Dopo una esaustiva lezione di due avvocati, specializzati per l’appunto in leggi sul tema dei contratti, è venuto il momento delle domande nonché commenti, dei partecipanti. Subito è emerso il tema delle cosiddette “finte partite iva” e dei contratti da “strozzini” (passatemi il termine) che propinano i Datori di Lavoro.

E voi vi domanderete: ma cosa c’entra?

Per chi non fosse del mestiere, quasi se non tutti gli architetti presenti su territorio nazionale ha la partita iva. Ma secondo voi tutti questi professionisti sono realmente Liberi Professionisti? Ovvio che no. La stragrande maggioranza altro non è che un “dipendente” di studi professionali che lo vincolano ad essere un subordinato, con l’agevolazione di non dovergli versare i contributi previdenziali. Ecco perché le “finte partite iva”. Il tema dei contratti ha aperto un tema scottante e fastidioso per chi è titolare di studi professionali. E soprattutto ha cercato di smuovere l’Ordine Nazionale affinchè potessero porre maggiore attenzione dal punto di vista delle sanzioni deontologiche, nonché fiscali.

Avere una partita iva vuol dire non essere subordinato a nessun datore di lavoro. La collaborazione deve essere alla pari. Trovare studi, che ti consentano di avere più collaborazioni è sempre più difficile. Io stessa mi sono travata più volte a dover rinunciare a collaborare con studi, perché questi pretendevano la mia presenza in ufficio 5 giorni alla settimana per 8 ore con un compenso di 7€/h, nonostante gli anni di attività professionale. Deontologicamente e fiscalmente questo non potrebbe essere possibile. Ma sia uno che l’altro fanno sempre l’occhiolino a quello che realmente dovrebbe essere applicato per Legge.

Il web è pieno di articoli che trattano questo tema. 
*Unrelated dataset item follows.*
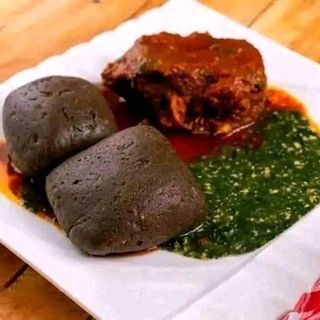 Amala served with ewedu mixed with egusi and goatmeat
Recentemente, più precisamente ieri 2 dicembre 2024 è stato pubblicato l’aggiornamento del codice deontologico, revisionato per l’appunto a seguito del webinar citato sopra. Questo ha portato a una modifica in particolare del cod. 21 dedicato al tema dei “Rapporti con collaboratori e dipendenti”, ma qualcosa è realmente cambiato? 

Dal punto di vista delle sanzioni sono state inasprite le penali, ma trattandosi di deontologia, in parole povere di morale, quello che l’ordine chiede è il reciproco rispetto tra collaboratori, dipendenti e datori di lavoro, ma quello che c’è da chiedersi è: ci sarà mai un reale cambiamento fiscale?

Forse, si dovrebbe fare tutti un passo indietro e rendersi conto che se un professionista vuole avere un solo datore di lavoro fino all'età della pensione, il cosiddetto "posto fisso", deve sentirsi legittimato a farsi riconoscere il contratto da dipendente e tutto quello che esso comporta (ferie, malattie pagate ecc.). Se invece il professionista desidera ampliare il proprio campo di lavoro e lavorare su più commesse, e quindi prevedere l'uso della partita iva, così come è stata concepita fiscalmente, gli deve essere consentito. Ma finchè perdurerà questa condizione, che affonda profonde radici nel nostro pensare comune, dove si accettano le cose così come sono, perché è sempre stato così, non fonderemo mai un nuovo regime lavorativo.